What belt-tightening are you talking about?

We’ve asked all the city departments to essentially plan for how they would reduce their expenditures by 8 percent this year. If the telephone users tax gets thrown out and we aren’t able to pass Proposition S, that would mean serious cuts in all sorts of non-critical areas.

We’d be prepared though. We have continued to grow our business tax receipts through, ironically, reducing the gross receipts tax on a lot of businesses. We have more businesses that have opened since the Garcetti-Greuel tax reform package went through a couple years ago, which has returned about $100 million to L.A. businesses, and which is finally resulting in people headquartering here, and investing in their businesses, and expanding.

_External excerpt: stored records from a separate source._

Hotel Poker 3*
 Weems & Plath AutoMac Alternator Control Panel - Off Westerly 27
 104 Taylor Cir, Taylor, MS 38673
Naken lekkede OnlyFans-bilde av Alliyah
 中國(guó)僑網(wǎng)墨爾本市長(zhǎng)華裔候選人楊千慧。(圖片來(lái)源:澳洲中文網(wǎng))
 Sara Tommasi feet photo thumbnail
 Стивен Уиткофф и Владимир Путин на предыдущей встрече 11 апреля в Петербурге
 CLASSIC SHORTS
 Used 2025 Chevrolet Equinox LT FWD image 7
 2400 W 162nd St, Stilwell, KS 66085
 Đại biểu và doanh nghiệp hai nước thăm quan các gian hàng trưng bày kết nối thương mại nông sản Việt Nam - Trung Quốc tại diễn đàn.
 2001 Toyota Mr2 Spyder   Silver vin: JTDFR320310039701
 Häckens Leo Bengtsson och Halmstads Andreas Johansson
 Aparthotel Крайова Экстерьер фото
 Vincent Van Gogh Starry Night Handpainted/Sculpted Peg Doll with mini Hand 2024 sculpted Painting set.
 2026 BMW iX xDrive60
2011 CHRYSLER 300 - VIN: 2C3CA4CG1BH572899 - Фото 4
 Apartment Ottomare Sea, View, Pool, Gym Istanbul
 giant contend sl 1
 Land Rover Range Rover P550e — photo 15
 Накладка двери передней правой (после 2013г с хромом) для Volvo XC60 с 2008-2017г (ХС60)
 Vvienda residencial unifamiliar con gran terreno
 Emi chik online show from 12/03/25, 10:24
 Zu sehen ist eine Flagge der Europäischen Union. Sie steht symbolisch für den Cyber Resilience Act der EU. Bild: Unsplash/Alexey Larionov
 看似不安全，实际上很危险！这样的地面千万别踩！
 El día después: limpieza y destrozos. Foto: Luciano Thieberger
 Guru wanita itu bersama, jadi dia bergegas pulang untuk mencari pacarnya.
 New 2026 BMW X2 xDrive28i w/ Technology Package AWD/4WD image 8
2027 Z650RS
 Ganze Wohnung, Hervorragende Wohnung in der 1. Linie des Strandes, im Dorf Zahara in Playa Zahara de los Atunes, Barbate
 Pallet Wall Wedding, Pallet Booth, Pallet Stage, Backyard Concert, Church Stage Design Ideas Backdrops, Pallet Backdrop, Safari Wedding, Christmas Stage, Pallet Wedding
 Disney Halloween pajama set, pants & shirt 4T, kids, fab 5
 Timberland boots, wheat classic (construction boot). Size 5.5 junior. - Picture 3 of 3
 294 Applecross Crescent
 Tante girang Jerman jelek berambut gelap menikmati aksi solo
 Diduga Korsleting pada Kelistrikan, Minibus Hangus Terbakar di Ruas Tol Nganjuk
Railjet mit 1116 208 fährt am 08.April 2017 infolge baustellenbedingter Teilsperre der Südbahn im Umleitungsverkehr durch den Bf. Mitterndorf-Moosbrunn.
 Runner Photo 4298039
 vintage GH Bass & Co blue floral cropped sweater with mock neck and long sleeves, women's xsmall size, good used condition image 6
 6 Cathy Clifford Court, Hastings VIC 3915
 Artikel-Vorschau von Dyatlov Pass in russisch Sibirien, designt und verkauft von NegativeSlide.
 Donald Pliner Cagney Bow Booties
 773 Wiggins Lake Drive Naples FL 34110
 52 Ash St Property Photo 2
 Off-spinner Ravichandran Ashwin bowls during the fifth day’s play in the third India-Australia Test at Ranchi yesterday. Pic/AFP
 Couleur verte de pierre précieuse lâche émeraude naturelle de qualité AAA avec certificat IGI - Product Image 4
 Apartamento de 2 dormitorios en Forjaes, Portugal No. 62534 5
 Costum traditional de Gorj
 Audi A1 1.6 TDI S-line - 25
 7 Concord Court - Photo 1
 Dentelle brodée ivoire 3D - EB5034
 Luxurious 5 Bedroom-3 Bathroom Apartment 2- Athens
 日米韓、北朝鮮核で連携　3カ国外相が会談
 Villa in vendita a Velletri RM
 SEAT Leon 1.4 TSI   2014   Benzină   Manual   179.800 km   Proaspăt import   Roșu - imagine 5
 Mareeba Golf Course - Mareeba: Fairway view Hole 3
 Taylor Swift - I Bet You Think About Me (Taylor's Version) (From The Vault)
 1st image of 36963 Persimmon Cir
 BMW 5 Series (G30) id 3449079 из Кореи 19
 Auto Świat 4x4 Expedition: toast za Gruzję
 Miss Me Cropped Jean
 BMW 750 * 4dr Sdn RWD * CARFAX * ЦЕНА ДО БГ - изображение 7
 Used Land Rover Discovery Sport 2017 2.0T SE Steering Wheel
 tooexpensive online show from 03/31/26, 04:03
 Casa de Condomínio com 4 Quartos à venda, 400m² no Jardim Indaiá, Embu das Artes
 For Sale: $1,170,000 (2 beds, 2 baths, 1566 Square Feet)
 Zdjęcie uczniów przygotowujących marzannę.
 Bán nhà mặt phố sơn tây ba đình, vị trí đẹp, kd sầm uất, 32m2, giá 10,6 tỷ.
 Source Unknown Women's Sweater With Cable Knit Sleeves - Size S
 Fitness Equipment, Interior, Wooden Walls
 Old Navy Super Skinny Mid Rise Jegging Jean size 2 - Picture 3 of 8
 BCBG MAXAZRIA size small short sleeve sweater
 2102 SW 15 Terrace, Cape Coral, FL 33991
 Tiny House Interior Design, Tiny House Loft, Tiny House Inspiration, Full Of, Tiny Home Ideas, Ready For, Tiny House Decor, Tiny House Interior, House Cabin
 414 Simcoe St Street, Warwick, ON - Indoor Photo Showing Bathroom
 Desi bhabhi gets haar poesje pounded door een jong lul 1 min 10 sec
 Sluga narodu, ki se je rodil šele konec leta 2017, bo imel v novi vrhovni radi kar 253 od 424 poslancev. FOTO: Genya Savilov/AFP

What happened to the Silver Lake DASH?

I just sat down with Rita Robinson, our new general manager, and told her, “You have to figure out a way to get this done.” We can’t build a transit system until we have those local connectors. Every year we wait, we lose money, we have more traffic, we have more pollution. Shame on us if we don’t find a way to expand those DASH lines.

Do you still drive an electric car?

I still do! Nine years and counting in an electric car. I’ve tried to … lead by example, both by driving an electric car myself … Now I drive a Toyota RAV 4 EV, which we successfully got Toyota to keep with the [city’s fleet]. And I mandate that everybody on my staff carpool, bike, walk, or take transit at least one day a week to work. I’m looking at, in the next year, expanding that in the office and maybe even making that policy in the city and inspiring other companies in the region to do the same thing. [That would be] for all city employees potentially, or with private businesses where we say, “You get X break on your business tax if you can show that some threshold of employees do that at least once a week.”

When you look at problems as daunting as, say, traffic in Los Angeles, people feel powerless. They think that it’s going to require huge, bold infrastructure to be constructed over many years with billions of dollars. Well, to me, the most sobering statistic on traffic is, the average car in L.A. has 1.1 passengers. If we had 1.6 passengers per car, traffic would flow again. That doesn’t cost us billions of dollars, but we need the sort of leadership that will incentivize it at the private level and among big employers like the city.

Why is everyone on your staff so nice?

Because I have to enjoy coming to work and be with a bunch of people who enjoy coming to work. We’ll try not to make a big habit of it, but we want to be the friendly face of government.